Editorial
Inviting anarchy
Tuesday 21st February, 2023
The Opposition seems to have lost the plot. The Rajapaksa-Wickremesinghe regime has almost succeeded in sabotaging the local government (LG) polls, which were originally scheduled for 09 March. The Election Commission, which told the Supreme Court that it would hold the polls, has thrown in the towel, and the people have pinned their hopes on the judiciary. The SJB and the JVP-led NPP remain locked in a duel, as it were, with their leaders taking swipes at each other at the drop of a hat instead of joining forces to take on the government with might and main for the sake of the hapless public.
SJB Leader Sajith Premadasa and his JVP counterpart Anura Kumara Dissanayake are apparently labouring under the delusion that united, they will fall, and divided, they can stand. Their political battles have got down and dirty and debilitated the Opposition much to the glee of the SLPP and the UNP.
All it takes for tyranny to flourish is the pusillanimity of the democratic Opposition, which must be robust enough to lead a countervailing force against dictatorial regimes that usurp the people’s sovereignty. One may recall that Sri Lanka’s democratic process suffered an irrevocable setback in the mid-1970s, when the SLFP-led United Front (UF) government extended the life of Parliament by abusing its two-thirds majority. The UNP was too weak to resist the UF regime’s arbitrary action at the time, but was able to make the most of the situation and secure a sweeping victory with a five-sixths majority at the 1977 general election. It set aside the democratic process to compass its ends, and the country witnessed a protracted bloodbath, which left thousands of youth dead. The SLFP-led Opposition was too weak to stop the UNP behemoth, which forged ahead, crushing everything in its path. The country is sliding into a situation similar to that which prevailed under the J. R. Jayewardene rule, which undermined the people’s franchise by postponing a general election and rigging polls.

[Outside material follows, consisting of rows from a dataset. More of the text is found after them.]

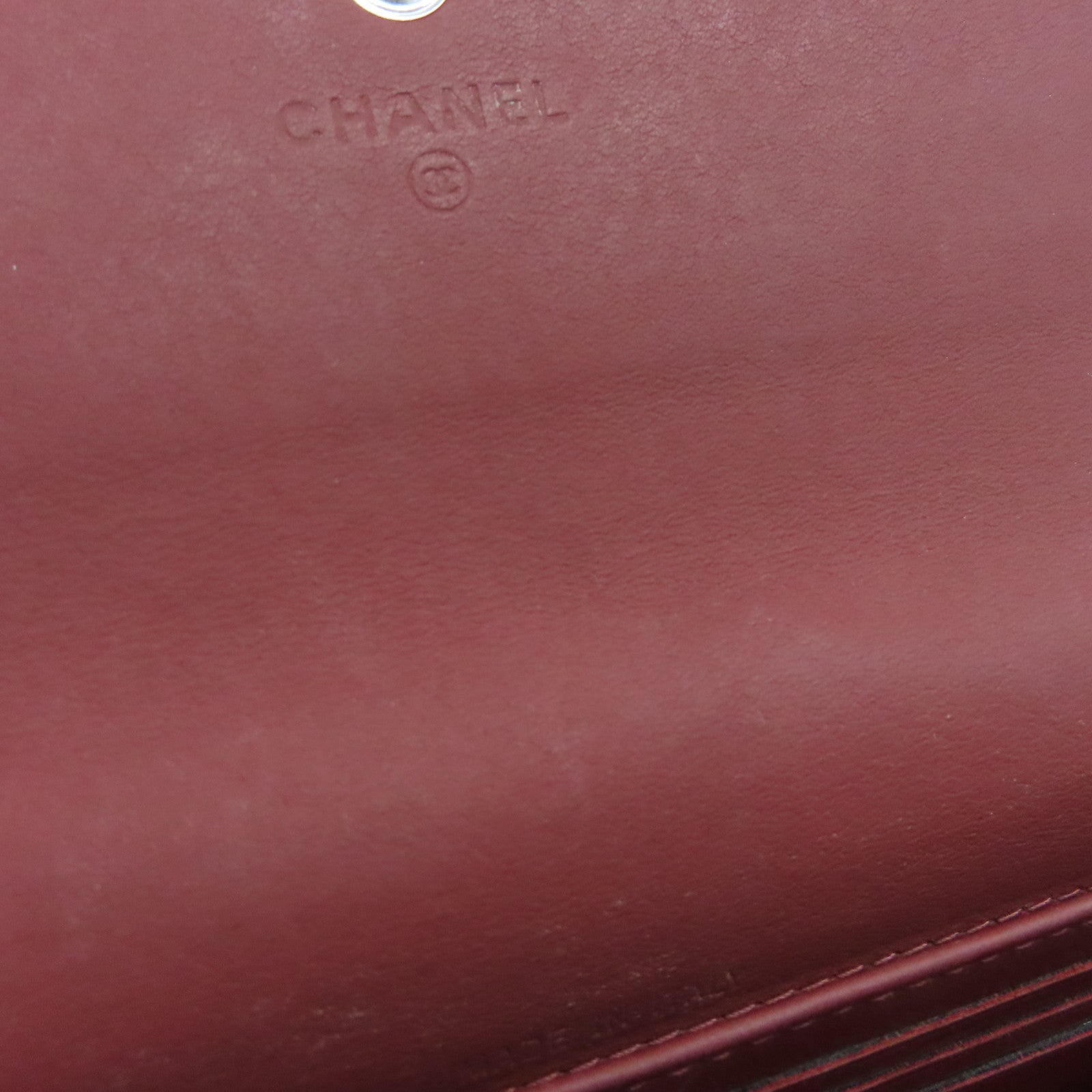 CHANEL 【激減優惠】菱格牛皮皮革Long Wallet銀扣長錢包紅色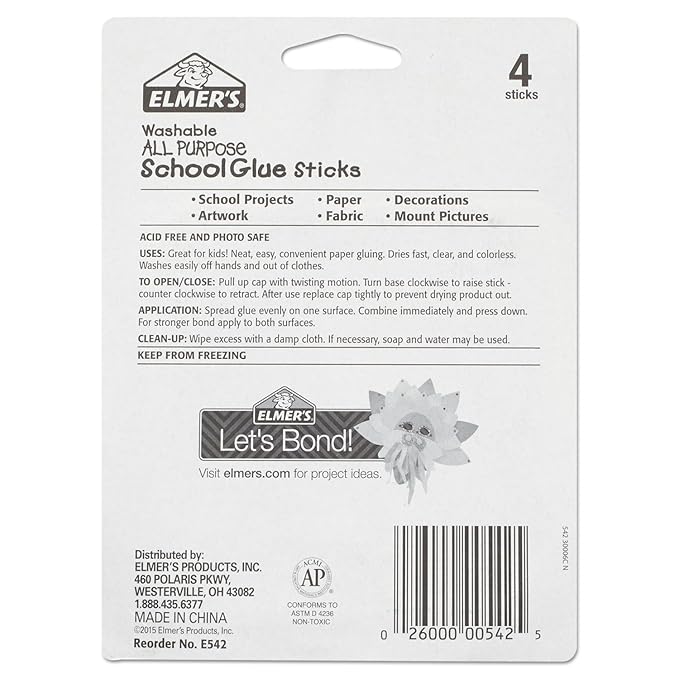 Elmer's All Purpose School Glue Sticks, Clear, Washable, 4 Pack, 0.24-ounce sticks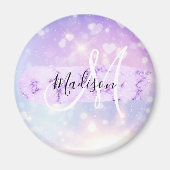 Girly Sparkly Unicorn Rainbow Hearts Monogram Magneet (Voorkant)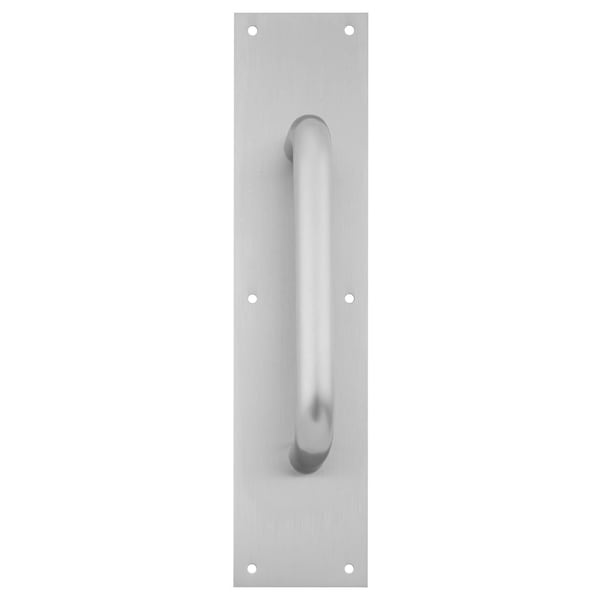Pull Plate, 10-in CTC, 1-in Diameter, 1-1/2-in Clearance, 4-in x 16-in, Satin Stainless Steel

The SJB held a protest march in Colombo yesterday against the government’s determined bid to deprive the people of their right to vote, and came up against a wall of cops, so to speak. The police have changed their tactics, and now deploy thousands of anti-riot squad personnel who go all out to disperse protests. The JVP also holds separate protest marches, from time to time, only to stop at heavily-guarded police barricades. Neither the SJB nor the JVP nor the Frontline Socialist Party (FSP) nor any other Opposition party has been able to pull off anything similar to the People Power protests that led to the ouster of President Gotabaya Rajapaksa, last year. Lulled into a false sense of security by the Opposition’s failure to put up stiff resistance much less pose a threat to its rule, the Rajapaksa-Wickremesinghe government has chosen to test the people’s patience further by subjecting them to untold suffering and suppressing their rights and freedoms in every conceivable manner. It is making a huge mistake.
Last year’s popular uprisings came about because public resentment burst forth initially as leaderless protests. The JVP and the FSP politicised the waves of protests and surfed them to gain some political mileage. There are signs of another tsunami of public anger forming, and the day may not be far off when it makes landfall, plunging the entire country into chaos. The police and the military will be no match for People Power although President Ranil Wickremesinghe has warned that he will go the whole hog to prevent the country from being plunged into anarchy. If mass protests erupt all over the country simultaneously, there is hardly anything the police or the pro-government Generals will be able to do to bring order out of chaos or protect their political masters.
Anarchy is the last thing the country needs. But the government does not seem to care. It continues to provoke the public by visiting unbearable suffering upon them and depriving them of an opportunity to express their protest through the ballot. Anti-politics is on the rise, as is obvious, and it behoves the Opposition parties to sink their political differences and close ranks to infuse the irate public with some confidence and hope by frustrating the government’s plan to do away with elections. At this rate, the people will be left with no alternative but to mobilise themselves and stage a protest like the March on Versailles in Paris to settle their scores with the rulers, who have made their lives miserable.